Update: A condensed version of this entry appeared in the Gazette Times.

Looking a gift horse in the mouth

When I was a grad student, I was in a professor’s office when an undergrad stopped by to give the professor an art card as a thank you for writing a recommendation letter.  The professor kindly turned down the gesture.  At the time, I thought that, as the offering was little more than a greeting card, such a denial was not worth the effort.  The professor pointed out that a line has to be drawn somewhere.

I agree.  But I’m unsure of two things: where to draw the line and how to explain the line to students, particularly when cultural differences may play a role.  I’ll describe a few situations that have come up.
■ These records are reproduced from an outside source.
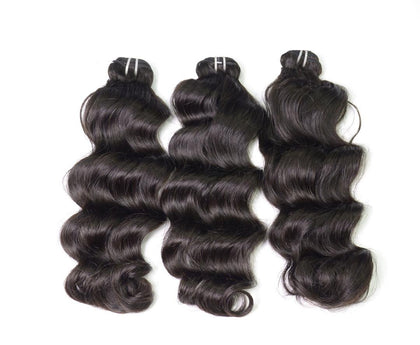 Raw Hair Vietnamese / Southeast Asia Raw Hair (3-Bundle Deal)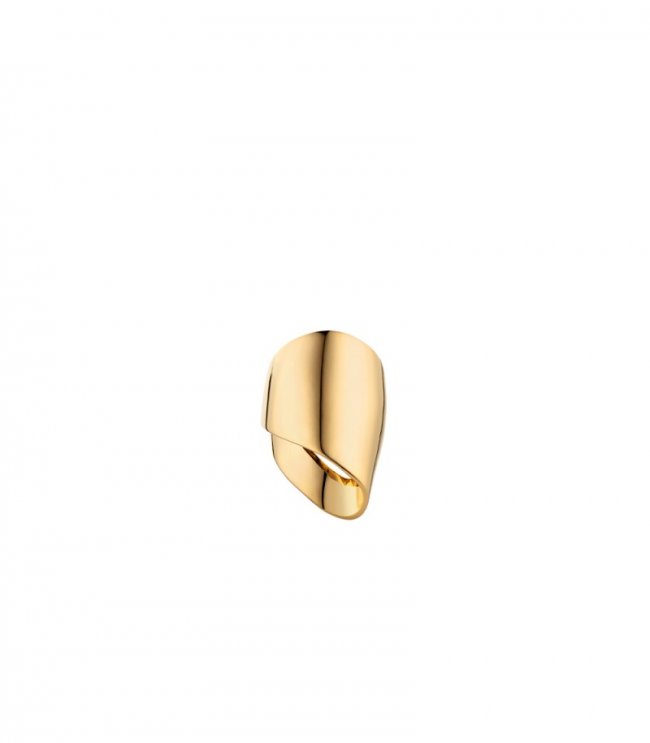 Women's Polene eole Draped - 24 carat gold gilded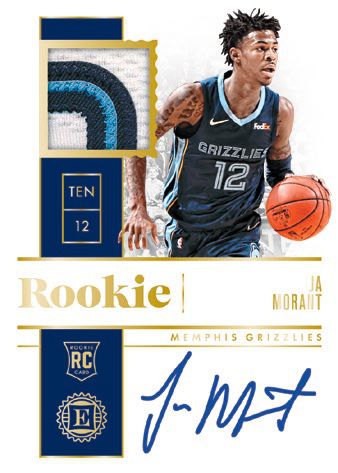 ja morant encased 2019 20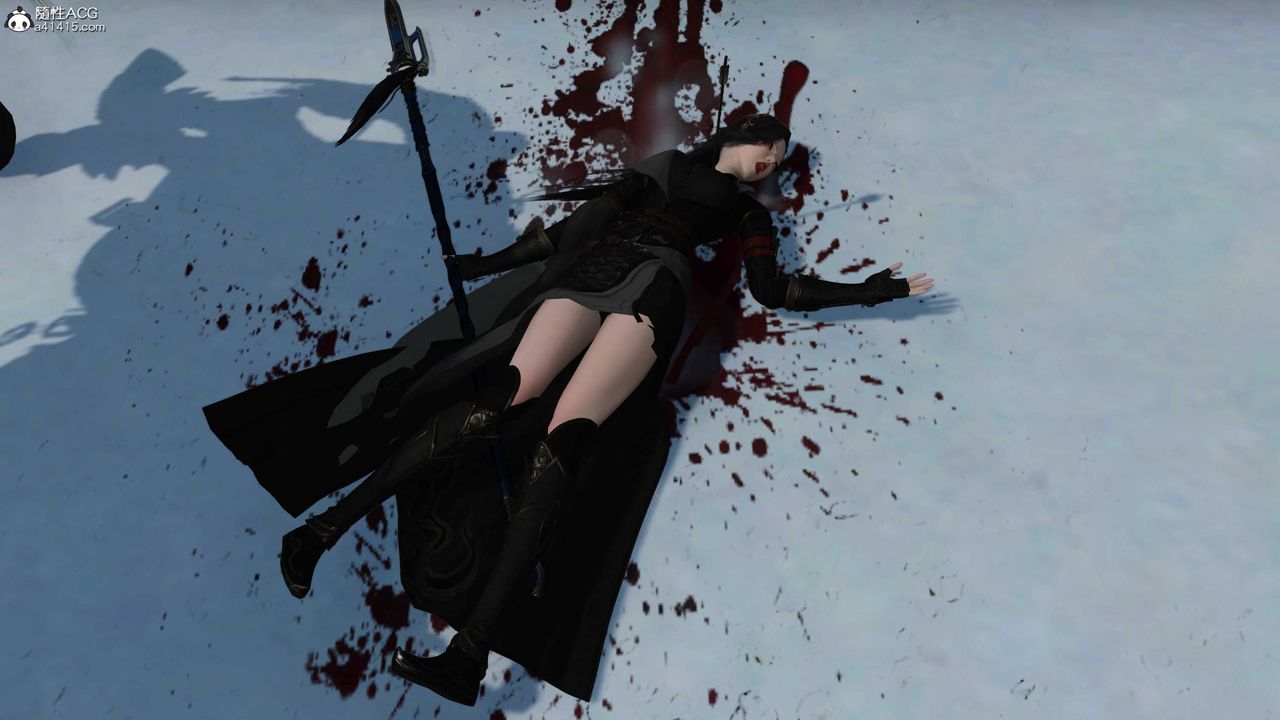 [3D]落花传第21話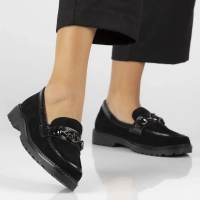 Leather lords Filippo DP6426/24 BK black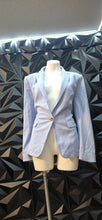 Load image into Gallery viewer, Ann Taylor blue blazer              sz 12
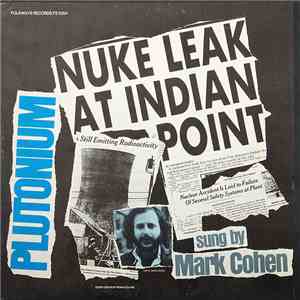 Mark Cohen  - Plutonium download flac mp3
I am on the graduate committee for a Ph.D. student along with 3 other faculty.  This involves sitting in on qualifiers and exams and helping to make decisions on their course of study and progress.  Immediately after a qualifier exam some time ago, the student came to my office with a puzzle – having seen that I have a small collection of puzzles on my bookshelf – and offered it to me with a thanks for the exam.  I turned down the gift, explaining that it is not appropriate for me to accept such gestures when I am in a position of authority.  This week, I came back from a week’s vacation to see a gift bag hanging from my office door.  The gift bag contained a card from the same student and alluded to the fact that the bag must have recently contained (a thief in our midst!) the same puzzle.  The student thought it would be ok for me to now accept the present.  I have emailed the student and explained again that I should not receive gifts.  Unfortunately, this time, there is no gift to return!

The Ph.D. qualifier exams here are 2 hour oral exams.  Not the most exciting thing.  It seems to become tradition that the student bring food for the examining committee.  This seems to vary from a few cartons of cookies to full-on home-cooked meals with catered coffee from our building’s coffee shop.  Some may argue that bringing your committee a few doughnuts and coffee may be a nice gesture, and this, apparently, is how this tradition started.  However, it seems to have gone much too far.  Of course, I don’t feel that the committee’s decision would be swayed by the quality of the food provided – if anything, better food may draw a failure from the committee so we might enjoy such a spread once more.  A line should be drawn, but how?  I would argue that nothing should be brought.  As faculty, sitting on such committees is part of our job.  We know that the meeting will be 2 hours and are perfectly capable of bringing our own sustenance.    Any line above zero is particularly strange.  ‘A student may provide no more than $10 worth of sustenance purchased at the building’s coffee shop.’  So is a student expected to spend $10?  Now a student has to bring coffee for the lofty professors?  Any line above zero should be funded by the department, not the student.  That would be great, but I don’t see it in the budget.

Finally, my own Ph.D. student and I have an interesting relationship.  We are very close in age, live around the corner from each other and have a fair amount in common.  We also both enjoy baking, although I don’t find I get to as often as I once did.  We’ve exchanged various food items in small quantities, usually eaten during meetings – neither of us can go more than an hour without eating like constantly foraging squirrels.  On the recent occasion of my entering old age, she brought me a small batch of (delicious, creamy, homemade, peppermint, white-chocolate) fudge.  Perhaps I should have declined the gift, which I felt a little over that ill-defined line, but I didn’t.  I have to say – it made great fuel for a recent bike trip.

What do you do in such situations?  Am I too strict, not strict enough for your taste?